Obama’s Favourite Books of 2025 (as posted):
Paper Girl (Beth Macy); Flashlight (Susan Choi); We the People (Jill Lepore); The Wilderness (Angela Flournoy); There Is No Place for Us (Brian Goldstone); North Sun (Ethan Rutherford); 1929 (Andrew Ross Sorkin); The Loneliness of Sonia and Sunny (Kiran Desai); Dead and Alive (Zadie Smith); What We Can Know (Ian McEwan); plus The Look (Michelle Obama).
Music: A playlist built on range—mainstream hits and global surprises
Obama’s Favourite Music of 2025 continues a long-running pattern: a playlist that moves easily across hip-hop, pop, indie, R&B and global music, mixing chart staples with selections that send listeners down new paths.
High-profile inclusions—Kendrick Lamar & SZA’s “Luther” and Drake’s “NOKIA”, for example—sit alongside contemporary pop and cross-border tracks such as BLACKPINK’s “JUMP” and Rosalía’s “Sexo, Violencia y Llantas.”
One of the most culturally distinctive inclusions is “Pasayadan” by Ganavya, which multiple reports have described as a contemporary rendition of a 13th-century Marathi devotional abhang associated with Sant Dnyaneshwar—an entry that stands out precisely because it does not arrive through the usual global pop pipeline.
The larger effect of the list is less about a single genre and more about a listening posture: curiosity without self-consciousness—where major radio names and deeply rooted traditional forms can sit on the same page.
Obama’s Favourite Music of 2025 (selected highlights):
“Nice to Each Other” (Olivia Dean); “Luther” (Kendrick Lamar & SZA); “TaTaTa” (Burna Boy ft. Travis Scott); “JUMP” (BLACKPINK); “Pasayadan” (Ganavya); “Abracadabra” (Lady Gaga); “NOKIA” (Drake), among others.

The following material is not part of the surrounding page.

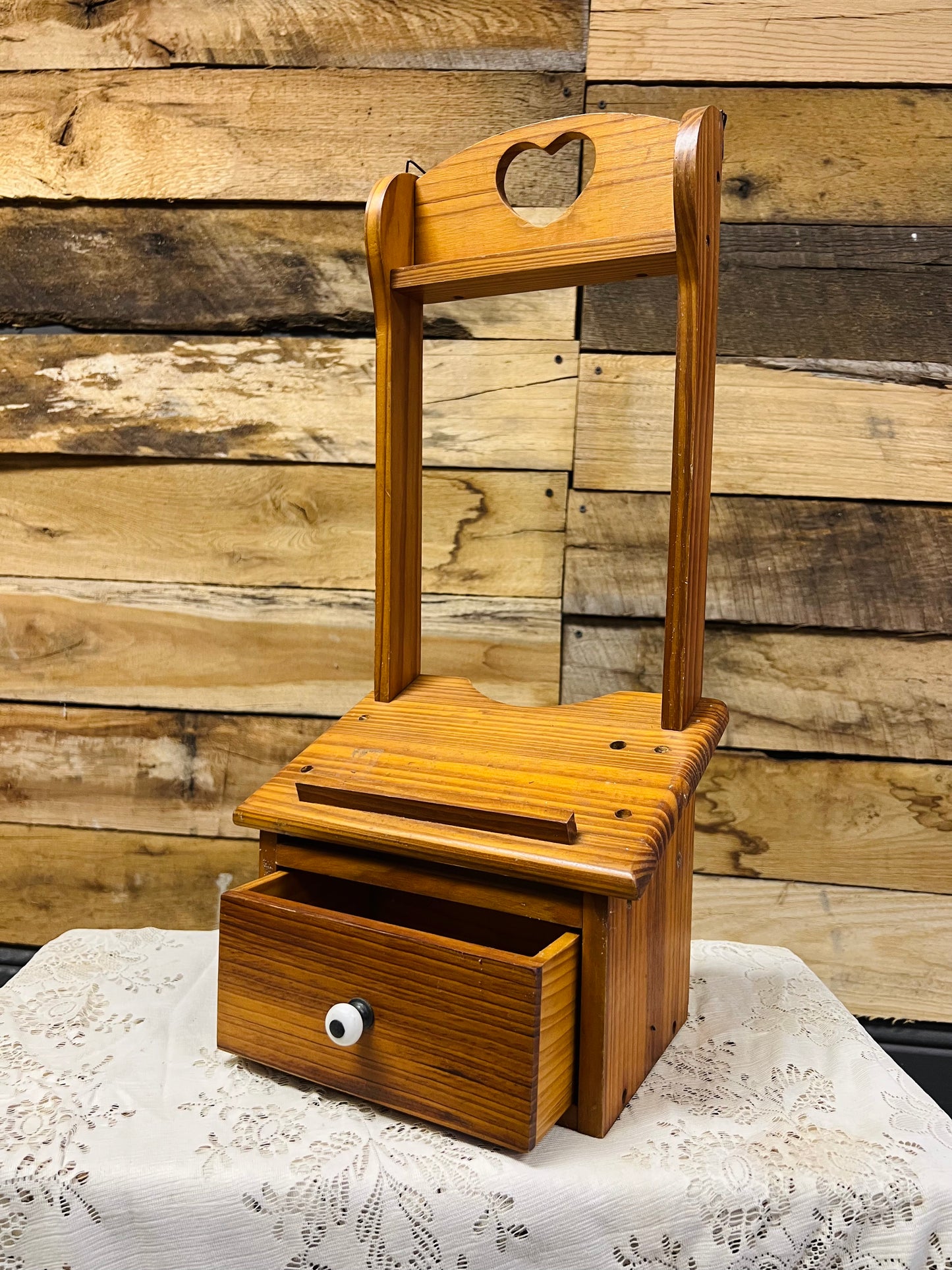 Vintage Wooden Heart Hanging Notepad Table with Drawer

Movies: Character-first cinema and idea-driven storytelling
Obama’s Favourite Films of 2025 lean away from pure spectacle and toward movies that are often described as character-led, idea-forward, and tone-specific—the kind of films that reward attention to craft, pacing and performance.
The list includes One Battle After Another and Sinners, alongside titles like Hamnet, Sentimental Value, and Train Dreams—a cluster that suggests a preference for cinema that treats emotion, memory and moral ambiguity as subjects rather than side-effects.
Also notable is the presence of films with overtly political or conceptual frames—Orwell: 2+2=5, for instance—indicating that Obama’s film picks, like his books, often gravitate toward stories that interrogate power, truth and civic life.
Obama’s Favourite Films of 2025 (as posted):
One Battle After Another; Sinners; It Was Just an Accident; Hamnet; Sentimental Value; No Other Choice; The Secret Agent; Train Dreams; Jay Kelly; Good Fortune; Orwell: 2+2=5.
Why the lists still matter
Obama’s year-end favourites persist because they function as a low-stakes public ritual: not a definitive canon, but a curated invitation. They often nudge attention toward books and music that might otherwise remain niche, while also confirming that mass culture—pop hits, global superstars, and mainstream cinema—still has a place on the list.
In that sense, the 2025 selections are less a prescription of taste than a snapshot of cultural attentiveness: wide-ranging, globally curious, and comfortable moving between the popular and the unexpected.